After being revealed to media in Italy last month, the Ferrari Monza SP1 and SP2 have finally arrived made their public debut at this year's Paris Motor Show
Ferrari had taken the wraps off the bespoke Monza SP1 and SP2 models last month on the Capital Markets Day in Maranello, Italy. However, last month's revealing was limited to global media folks. Now, the first two models of the brand's 'Icona' series have made their public debut at the ongoing Paris Motor Show. The open-top roadsters, or Barchettas, have a more racecar-like countenance than a road car, even though both are street-legal. The SP1 features a single-seat driver’s bay with a tonneau cover stretching over the passenger area. The SP2 features a second seat with a roll bar. While both models have been inspired by the original Ferrari Barchetta models, particularly by the 1948 166 MM and the 750 Monza of the 1950s, they are based on the underpinnings of the current 812 Superfast.
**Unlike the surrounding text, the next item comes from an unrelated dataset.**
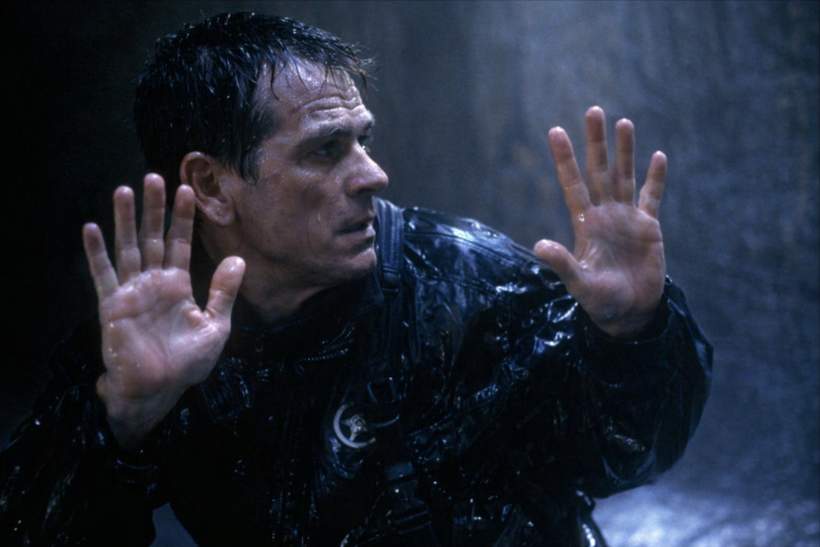 Tommy Lee Jones Is Back on TV in a Show You Can’t Miss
What makes the Barchetta open-tops truly special is the fact that they feature the most powerful engine unit to be produced by the Italian car maker. The 6.5-litre V12 delivers 809bhp and 719Nm of torque at 7,000rpm, capable of propelling the SP twins from 0 to100km/h in just 2.9 seconds. The top speed figure is reported to be in excess of 300 km/h. Notable for using F1-tech in their road cars, Ferrari has also given variable inlet tracts to the SP models, directly adopted from their F1 engines.
While both SP models feature minimalist cockpit designs, Ferrari has managed to add a USP there as well by replacing the standard windscreen with their patented ‘Virtual Wind Shield’ mounted in the bonnet fairing ahead of the driver. It is designed to divert some of the ai-flow over the driver’s head. The idea is to minimise the negative effect of the air-flow without compromising the exhilarating sense of speed, usually experienced by F1 drivers.
Talking about the numbers, the SP models will see a combined production run limited to 499 units and the price is expected to be around £1.6 million in the UK.